Example: Imagine an Uber-like app where the database storing driver locations crashes. Passengers would no longer see real-time updates, leading to a poor user experience.
2. High IOPS and Latency
Databases are designed for structured data storage and retrieval, not for handling millions of real-time events. As the number of writes and reads increases, the database can become a bottleneck, leading to high latency and reduced throughput.
Example: If thousands of drivers are sending location updates every few seconds, the database might struggle to keep up, causing delays in updating passenger apps.
3. Limited Scalability
Scaling a traditional database horizontally (adding more servers) is challenging. Sharding and replication can help, but they add complexity and may not fully solve the problem.
Example: If Uber expands to a new city with thousands of new drivers, the database might require significant reconfiguration to handle the increased load.
Better Solution: Enter Event-Driven Architecture
To address the above challenges, modern systems use event-driven architecture. Instead of relying on a database for real-time updates, we treat each location update as an event. These events are produced, and consumed in real time, enabling low latency, high throughput systems.
What is Event Driven Architecture?
Event driven architecture is design paradigm that enables systems to detect, process and respond to events in real time. An event is a significant change in state or an update that occurs within a system. It is a powerful approach for building scalable, responsive , and loosely coupled systems.
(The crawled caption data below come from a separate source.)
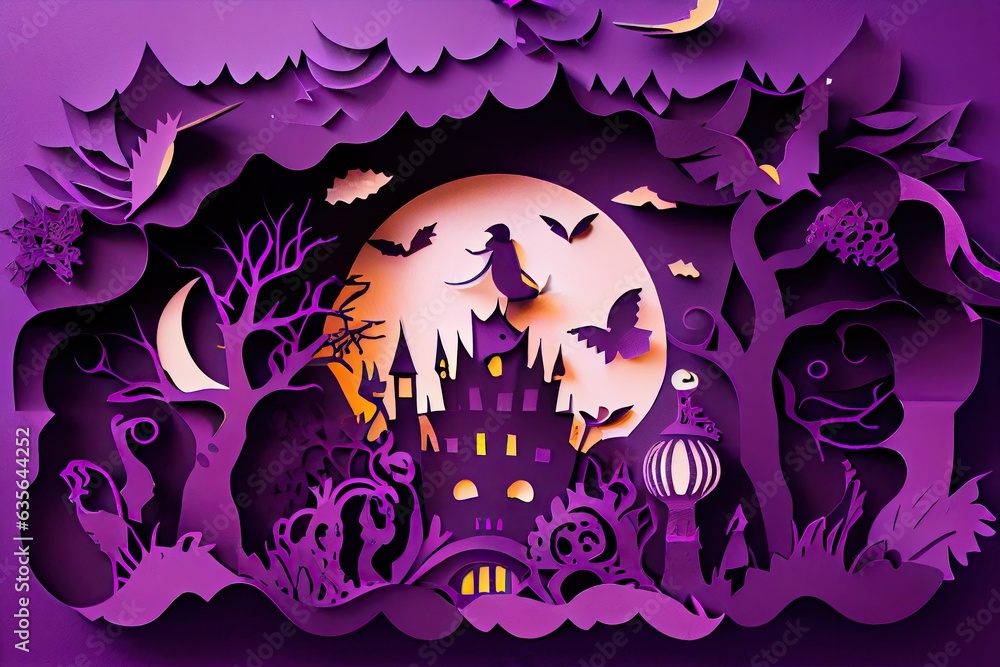 Halloween scene made of purple paper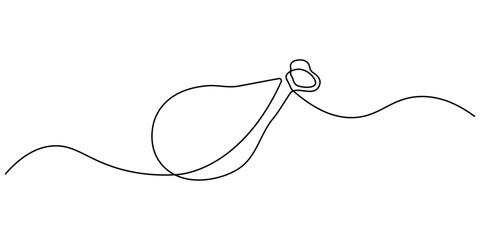 Chicken hindquarter one line continuous drawing. Fresh chicken meat continuous one line illustration. Vector minimalist linear illustration, Fried Chicken Single Line Icon, One Continuous Line Drawing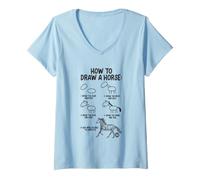 Mujer How To Draw A Horse Camiseta Cuello V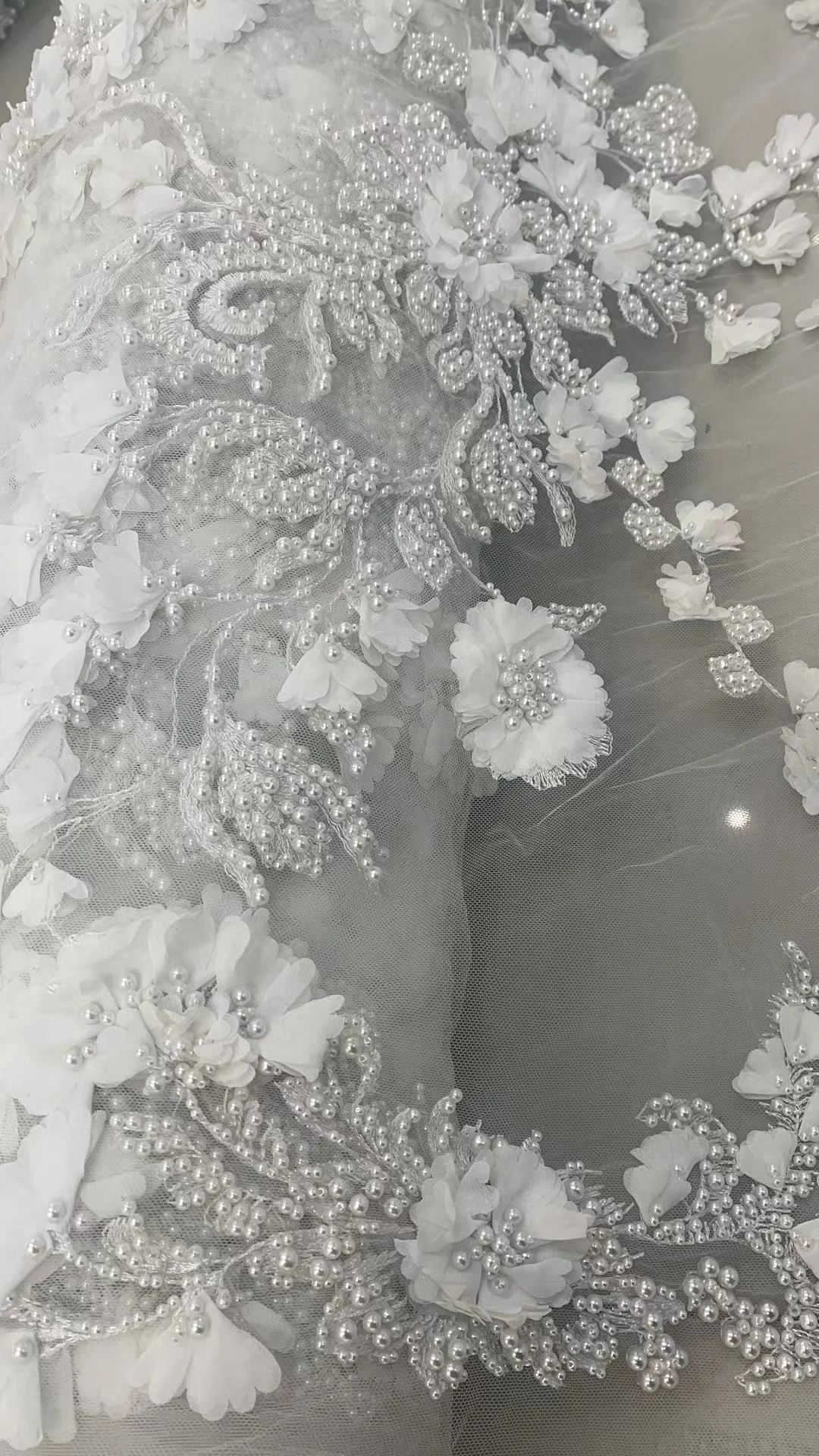 2023 haute couture bridal lace encrusted pearls beads flower design fabric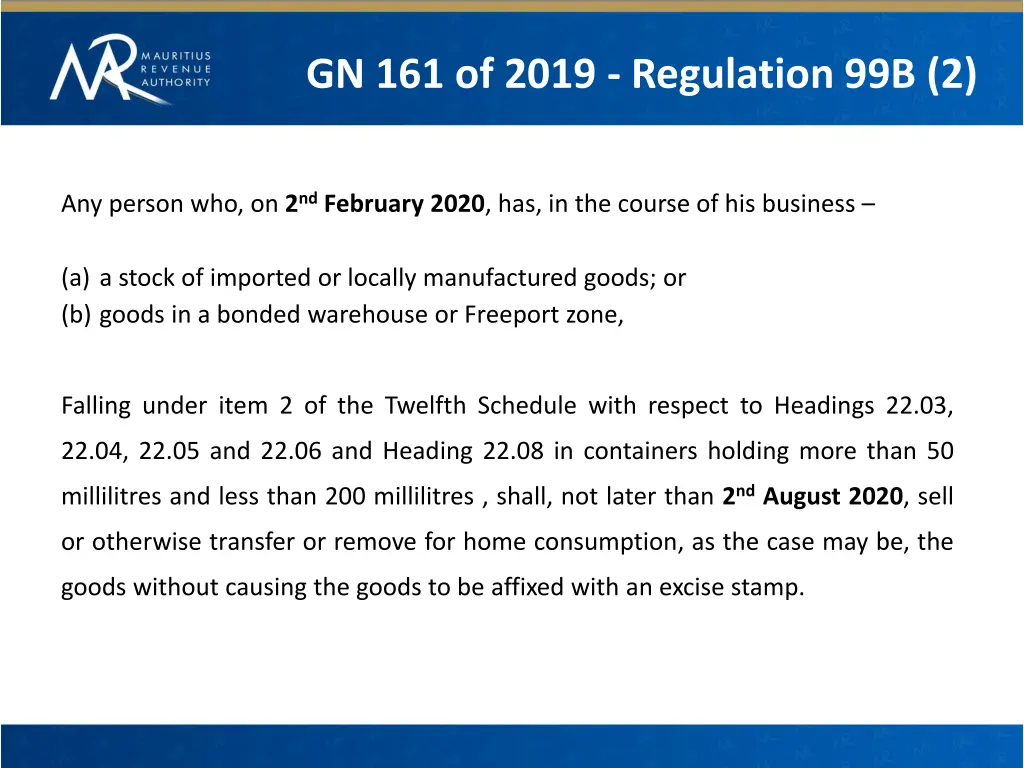 gn 161 of 2019 regulation 99b 2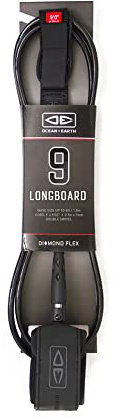 Ocean and Earth Longboard Regular 9ft 0 Moulded Surf Leash 9 feet Black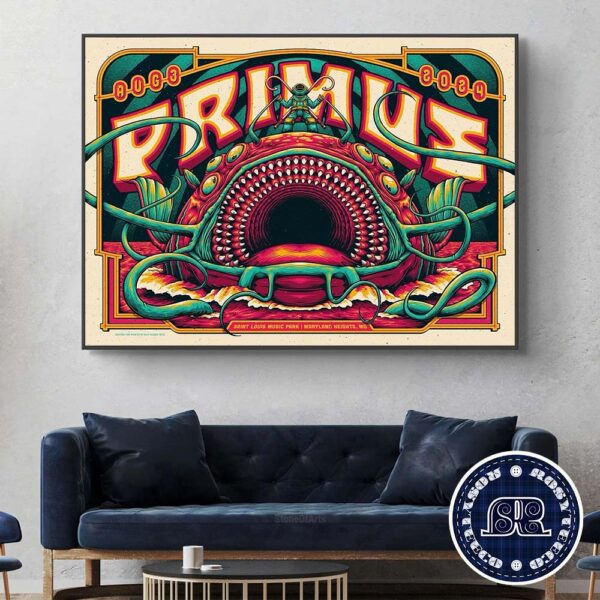 Primus Show Poster For Tonight In Maryland Heights MO At Saint Louis Music Park On August 3 2024 Home Decor Poster Canvas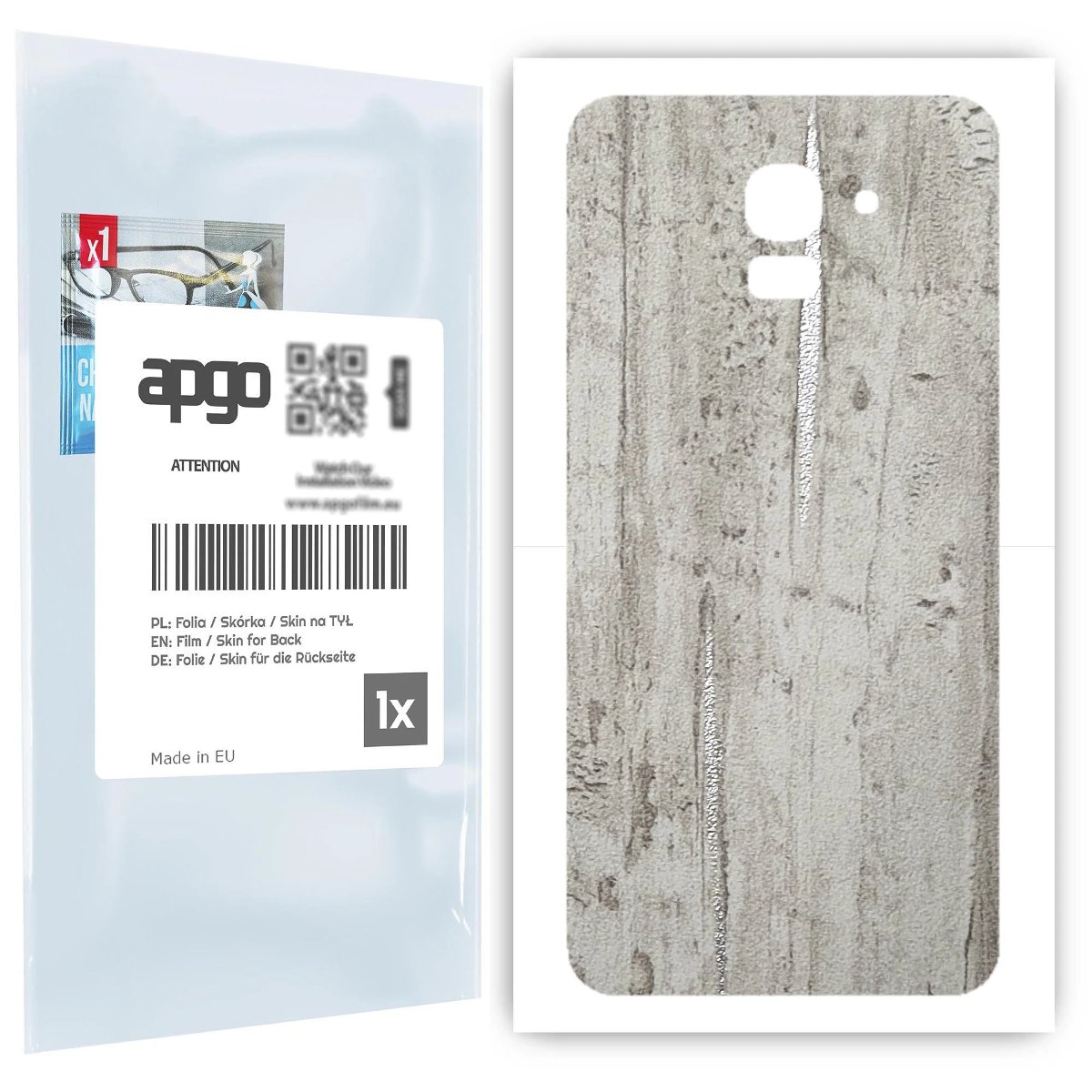 Folia naklejka skórka strukturalna na TYŁ do Samsung Galaxy J6 -  Beton Srebrne Paski - apgo SKINS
This is where our MVP of this blog - Apache Kafka comes into play.
What is Apache Kafka?
Apache Kafka is a distributed event streaming platform designed to handle high volumes of data in real time. It acts as a messaging system that allows producers to publish events and consumers to subscribe to them. Kafka is highly scalable, fault-tolerant, and capable of processing millions of events per second.
Kafka Architecture: Key Components
Producer: The application that sends events (location/status) updates to Kafka. In our case, the driver’s app acts as the producer, sending location updates.
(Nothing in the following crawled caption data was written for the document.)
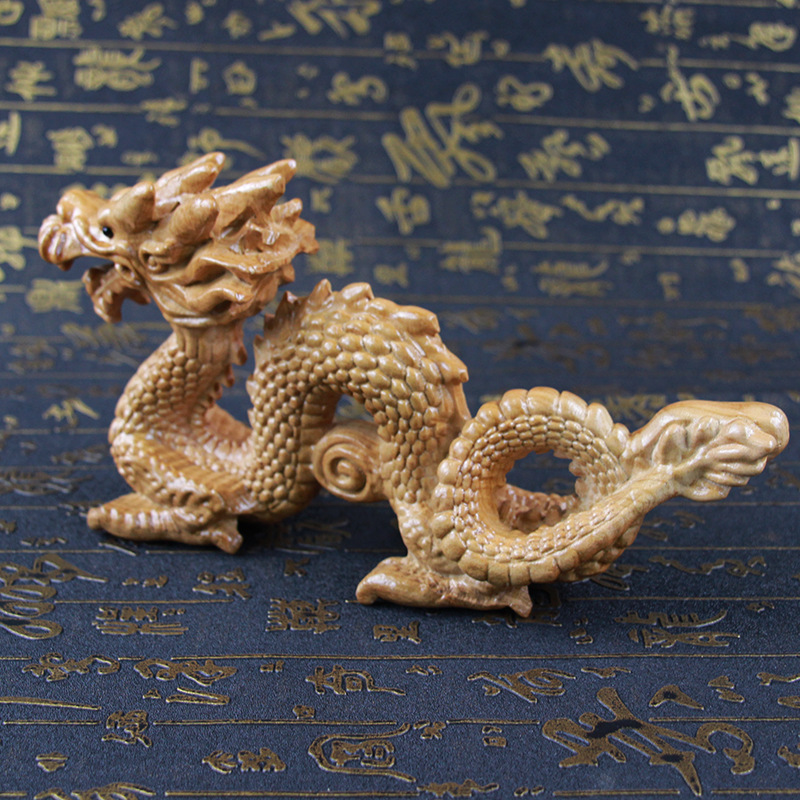 桃木青龙摆件立体木质龙生肖属龙雕刻龙摆件手工雕刻家居工艺品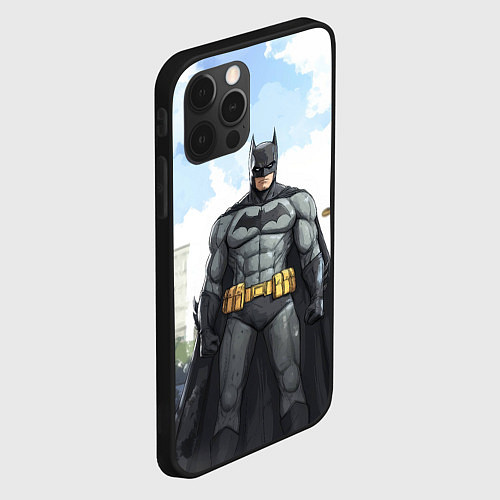 Чехол iPhone 12 Pro Max Бэтмен стоит на улице / 3D-Черный – фото 2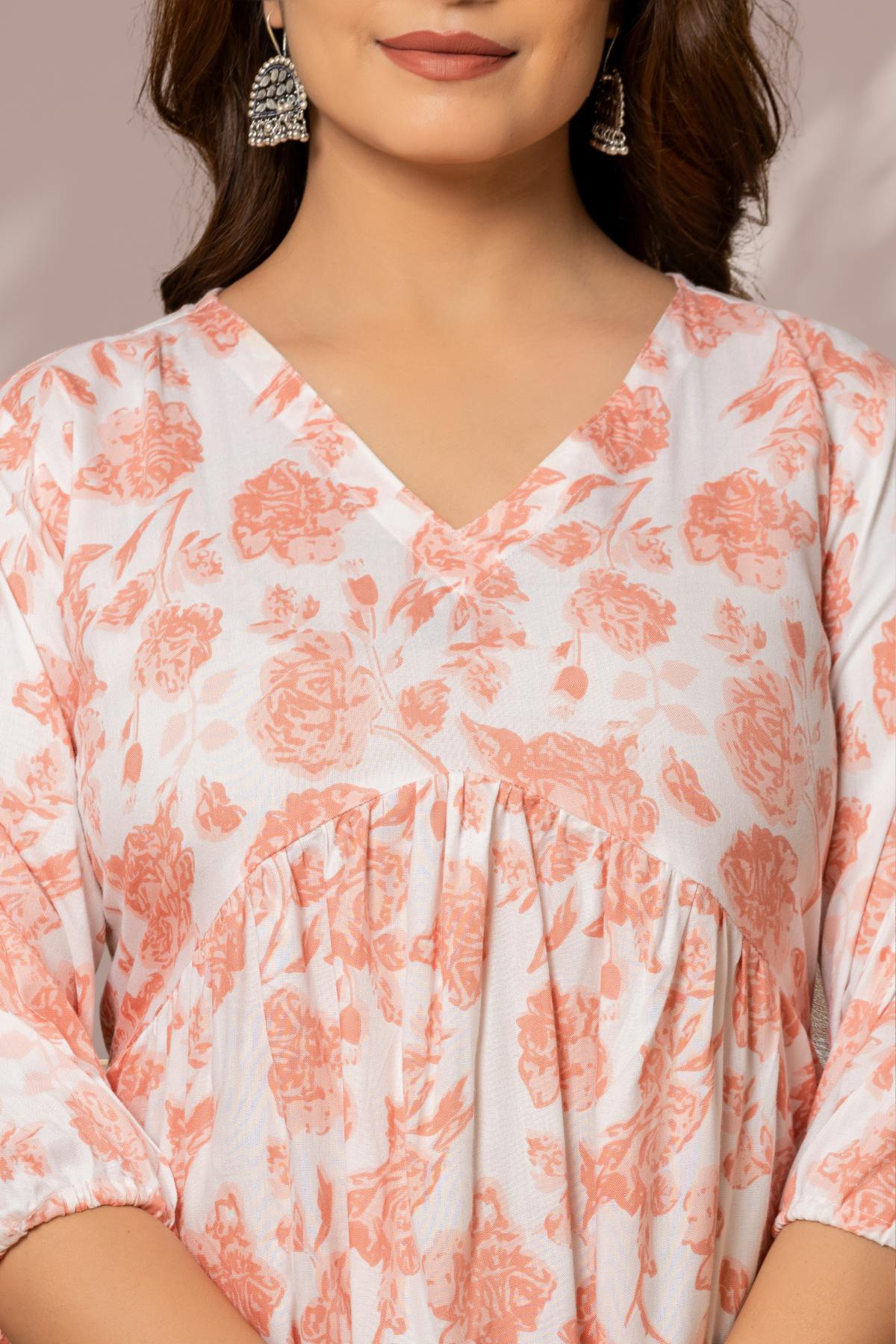 Peach Floral Peplum Top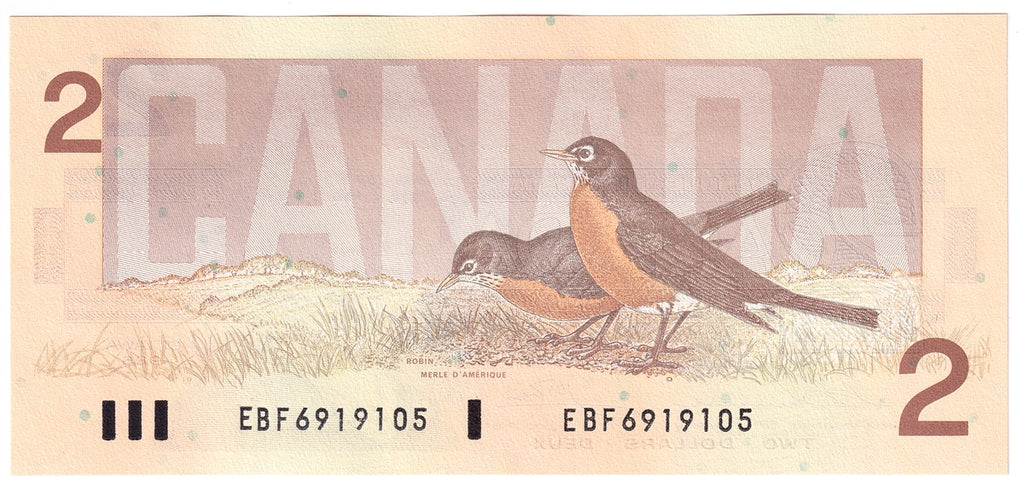 BC-55b-i 1986 Canada $2 Thiessen-Crow, EBF, Choice Uncirculated (CUNC63)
Topic: A category or feed or channel to which events are sent. For example, we could have a topic called driver-locations.
Broker: A Kafka server that stores and manages topics. A kafka cluster consists of multiple brokers for scalability and fault tolerance.
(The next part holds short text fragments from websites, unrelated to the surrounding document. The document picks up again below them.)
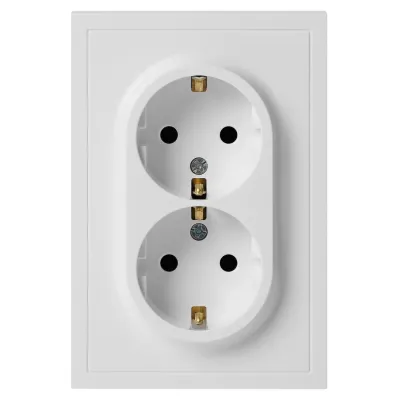Розетка скрытого монтажа в рамку с заземлением двойная 2X2P+E Schuko 16А-250В IP20 белый матовый 15-2104-08 Galaxy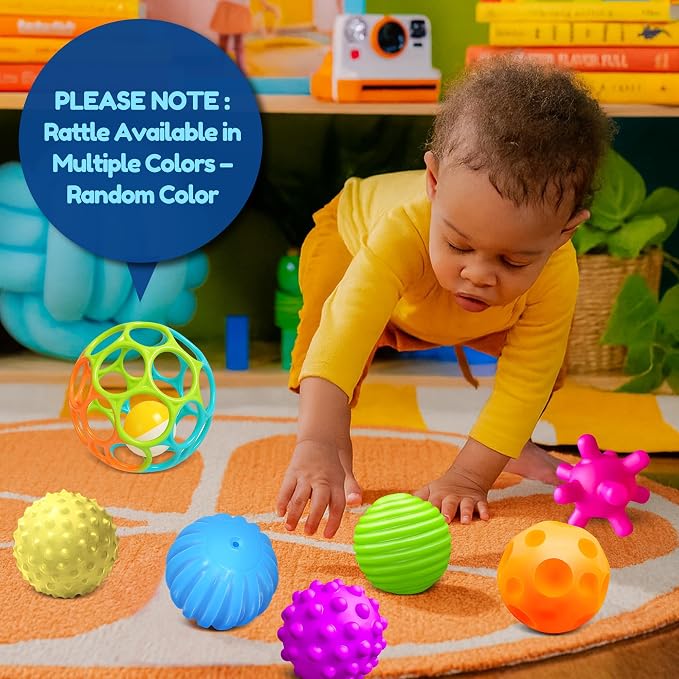 Baby Toys 6-12 Months, Sensory Textured Balls Rattle Set | 6 Pack Sensory Soft Ball, Baby Rattle, Easy Grasp, Bright Color, Teething Toys for Newborn Boys & Girls
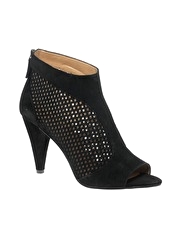 Nine West Gesture Perforated Peep Toe Ankle Boots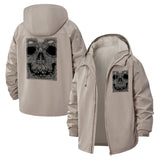 Skull Graphic Unisex Full-Zip Printed Waterproof Hooded Windbreaker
Consumer: The application that consumes events from Kafka server. Here, the passenger’s app is the consumer, fetching location updates.
Partition: Topics are divided into partitions that enable parallel processing. Each partition is ordered, immutable sequence of events.
Zookeeper: It provides a centralized repository for configuration information, naming, synchronization, and group services. In simpler terms, Zookeeper acts as the "brain" of distributed systems, ensuring that all components work together seamlessly.
How Kafka Solves the Real-Time Location Tracking Problem
Let’s us understand using example:
Producing Events: The driver’s app sends location updates (e.g.,
{driver_id: 123, latitude: 12.34, longitude: 56.78}
) to thedriver-locations
topic.Storing Events: Kafka brokers store these events in partitions. Since partitions are distributed across multiple brokers, the system can handle high throughput.
Consuming Events: The passenger’s app subscribes to the
driver-locations
topic and receives real-time updates. Kafka ensures that events are delivered in the order they were produced.
Benefits of Using Kafka
Distributed Architecture
Kafka is a distributed system, meaning it runs on multiple servers (brokers) that work together as a cluster. This eliminates single points of failure.
How It Works:
A Kafka cluster consists of multiple brokers.
Each broker stores a subset of the data (partitions) and can handle requests independently.
If one broker goes down, the others continue to operate, ensuring the system remains available.
Example: In our Uber-like app, even if one Kafka broker fails, the other brokers in the cluster can continue to process location updates, ensuring passengers still see real-time driver locations.
Data Replication
Kafka replicates data across multiple brokers to ensure fault tolerance. Each partition has multiple replicas, and one broker is designated as the leader for that partition.
How It Works:
When a producer sends an event, it is written to the leader partition and replicated to follower partitions.
If the leader broker fails, one of the followers automatically becomes the new leader, ensuring no data loss or downtime.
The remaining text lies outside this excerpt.